Puno, (Chairman), Panganiban, Corona, and Carpio-Morales, JJ., concur.



[1] Penned by then Associate Justice Presbitero J. Velasco, now Court Administrator, and concurred in by Associate Justices B.A. Adefuin-Dela Cruz and Eloy R. Bello, Jr., Rollo at 9-23.

[2] Penned by then Judge Ruben T. Reyes, Rollo at 135-139, now Associate Justice of the Court of Appeals.

[3] The history of this particular case does not appear on the record but the Compromise Judgment was admitted by both parties and adopted by the Court of Appeals in the present assailed Decision dated October 29, 1999 in CA-G.R. CV No. 46052.

[4] Records, Vol. II at 8-13.

[5] C.A. Records at 39.

[6] Records, Vol. I at 17-18.

[7] Records, Vol. I at 25-29.

[8] Rollo at 12.

[9] Records, Vol. I at 2-4.

[10] Id., Vol. II at 134.

[11] Rollo at 23.

[12] Id. at 19-22.

[13] Under Section 2, Rule 36 of the 1997 Rules of Civil Procedure, as amended, the date of finality of the judgment or order shall be deemed to be the date of its entry.

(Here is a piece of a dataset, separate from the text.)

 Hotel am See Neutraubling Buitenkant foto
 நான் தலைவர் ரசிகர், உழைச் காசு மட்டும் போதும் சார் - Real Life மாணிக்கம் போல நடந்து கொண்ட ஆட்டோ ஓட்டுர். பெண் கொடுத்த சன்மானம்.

[14] Enriquez vs. Court of Appeals, G.R. No. 137391, December 14, 2001, 372 SCRA 372, citing E. Paras, RULES OF COURT ANNOTATED, p. 791 (3rd ed. 1996).

[15] Id., citing Filipinas Investment Finance Corporation vs. IAC, 179 SCRA 728, 729.

[16] Eastern Assurance and Surety Corporation vs. Court of Appeals, G.R. No. 127135, January 18, 2000, 322 SCRA 73.